Le second motif d’interrogation concerne la sortie des politiques actives que ce Memorandum inaugure. Notre pays comme beaucoup d’autres pays a adopté dans le contexte post-crise globale et particulièrement au lendemain de la Révolution des politiques actives afin de soutenir l’activité économique. Ainsi, la relance budgétaire et les politiques monétaires expansionnistes ont été mises en place afin d’appuyer l’investissement et la croissance. Certes, l’incertitude grandissante et l’attentisme des investisseurs ont pesé sur les dynamiques de croissance et n’ont pas favorisé une reprise forte de l’activité économique à la hauteur de l’activisme des politiques économiques. Mais, ces politiques économiques nous ont permis d’éviter une récession forte et d’entretenir une croissance fragile. Or, aujourd’hui ce Memorandum inaugure une sortie progressive de ces politiques actives ce qui risque de peser sur la croissance future.
Le troisième motif de préoccupation concerne la cohérence du policy-mix suggéré par ce Memorandum. Certes, il ne revient pas sur la politique budgétaire mais il suppose le maintien de l’effort de relance budgétaire entamé depuis quelques années. Mais, cette relance budgétaire risque de souffrir du changement de cap de la politique monétaire et de la plus grande flexibilité accordée à la politique de change et qui peuvent aussi peser sur cette reprise timide de la croissance que nous avons enregistrée lors du premier trimestre de l’année.

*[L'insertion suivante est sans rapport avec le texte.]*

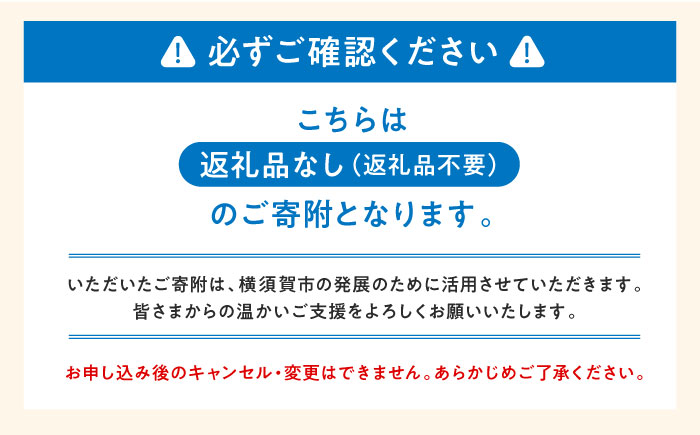 【応援寄附金】神奈川県横須賀市 返礼品なしのご寄附（300,000円）【横須賀市】 [AKZZ036]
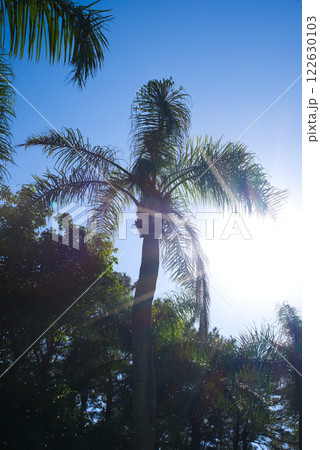 宮崎県立青島亜熱帯植物園 122630103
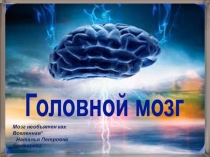 Презентация по биологии на тему Головной мозг позволяет учащимся самостоятельно изучить материал. Подробное изложение строения и функций отделов мозга. Все слайды презентации имеют содержательные иллюстрации позволяющие визуально осваивать материал.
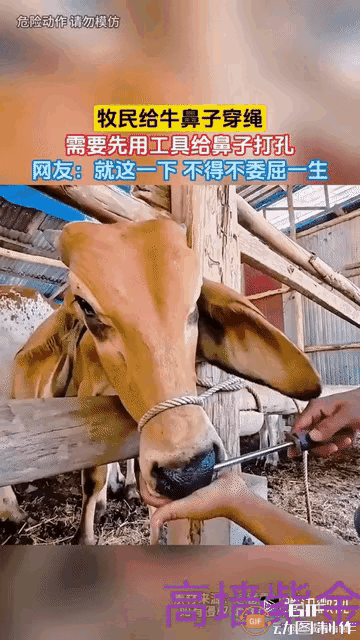 6 月 3 日，一则牧区驯牛视频刷屏全网。视频里牧民先是温柔抚摸黄牛的额头和脖颈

Les négociations avec les institutions internationales deviennent de plus en plus difficiles du fait de la crise économique et particulièrement de la dérive de nos grands équilibres macroéconomiques. Mais, ces négociations exigent la définition d’une vision économique claire et cohérente afin de mettre la coopération avec les institutions internationales au service du retour de la croissance et de la transition économique.